(Crawled caption data)
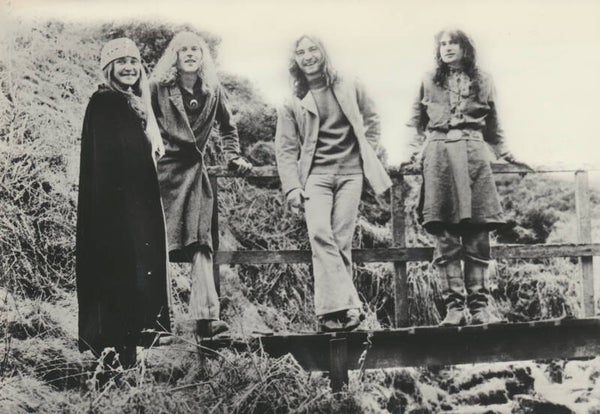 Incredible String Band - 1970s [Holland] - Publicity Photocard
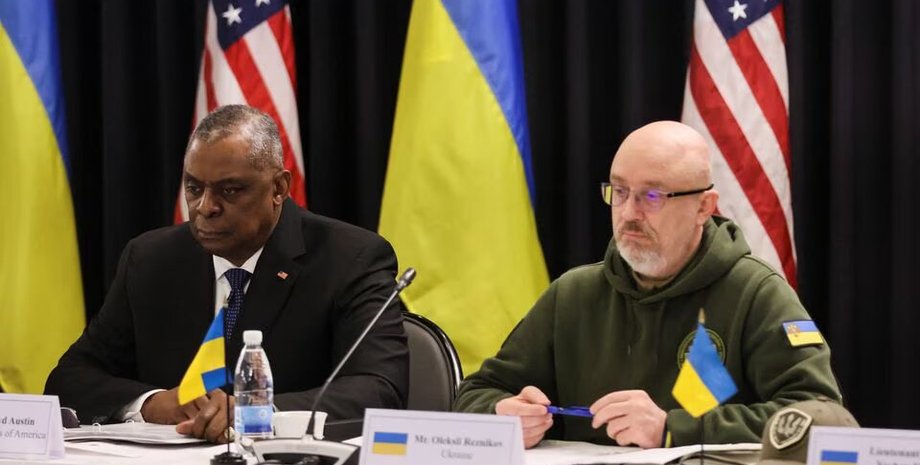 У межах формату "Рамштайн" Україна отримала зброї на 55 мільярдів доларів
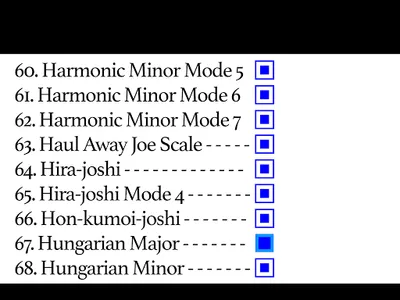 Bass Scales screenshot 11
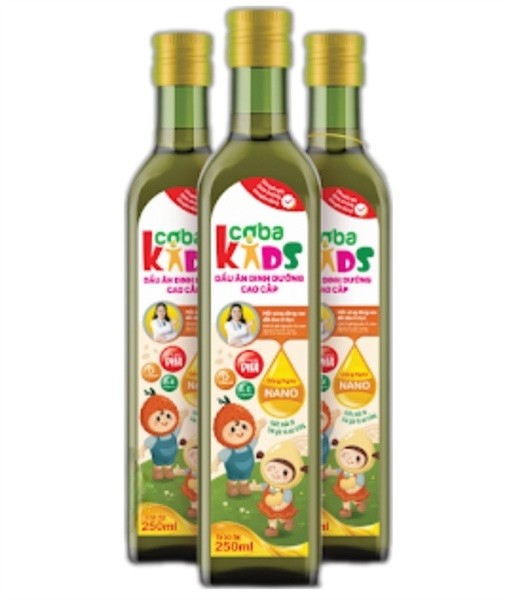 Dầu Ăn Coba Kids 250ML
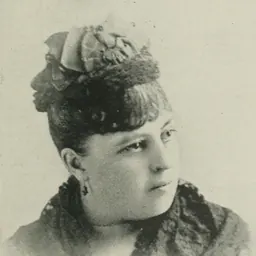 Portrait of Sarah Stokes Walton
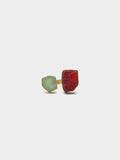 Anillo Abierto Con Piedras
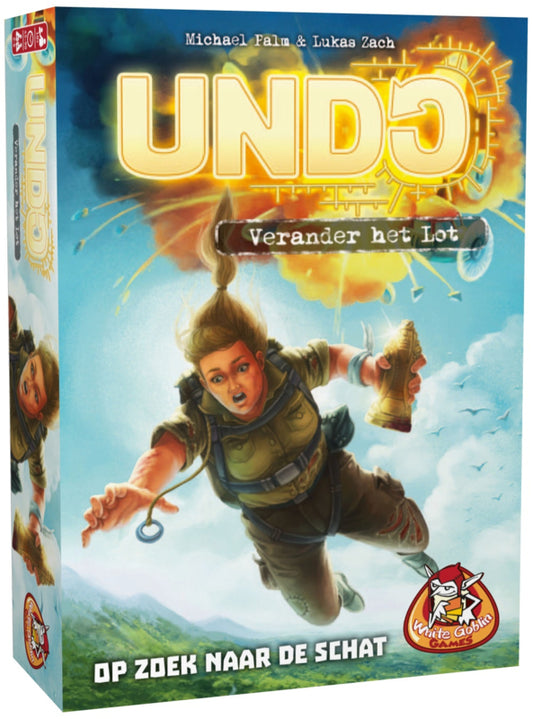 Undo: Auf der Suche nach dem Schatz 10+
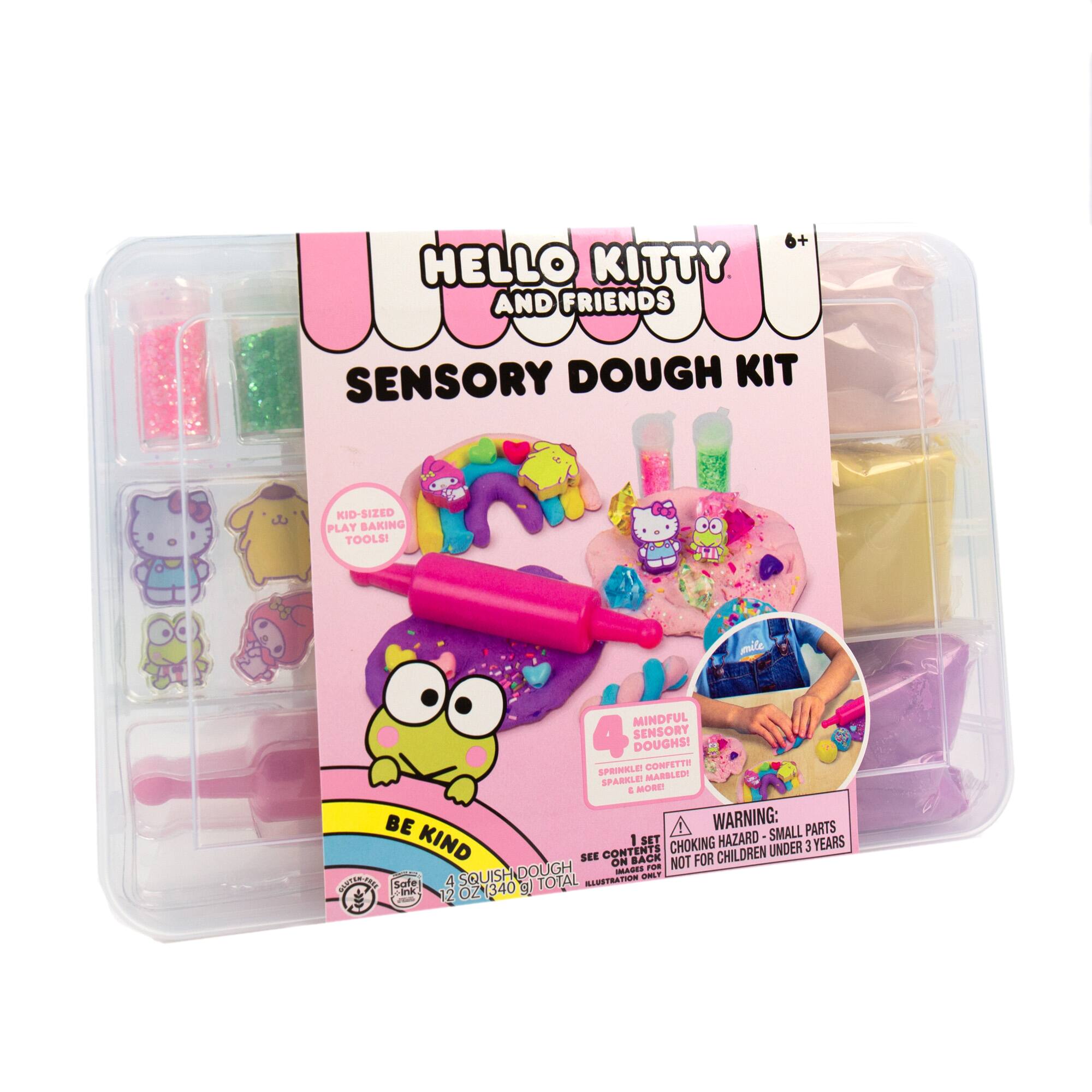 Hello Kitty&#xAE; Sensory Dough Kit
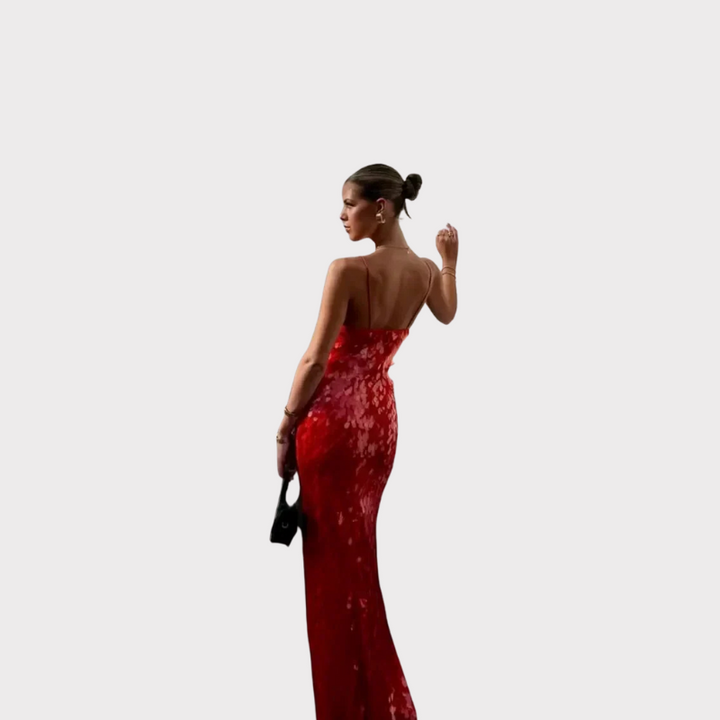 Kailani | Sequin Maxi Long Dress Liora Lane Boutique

...

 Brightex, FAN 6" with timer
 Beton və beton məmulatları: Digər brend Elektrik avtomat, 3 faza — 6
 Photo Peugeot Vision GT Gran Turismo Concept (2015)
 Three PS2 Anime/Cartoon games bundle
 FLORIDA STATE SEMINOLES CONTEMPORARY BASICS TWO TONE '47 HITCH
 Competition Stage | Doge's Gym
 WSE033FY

» EXERCISE INSTRUCTIONS: Look above for the line with "Hello Kitty&#xAE; Sensory Dough Kit" and the line with "Kailani | Sequin", then copy them and all lines in between exactly as written, and only those, without any pictures.

» SOLUTION TO THIS EXERCISE:
 Hello Kitty&#xAE; Sensory Dough Kit
 Kailani | Sequin Maxi Long Dress Liora Lane Boutique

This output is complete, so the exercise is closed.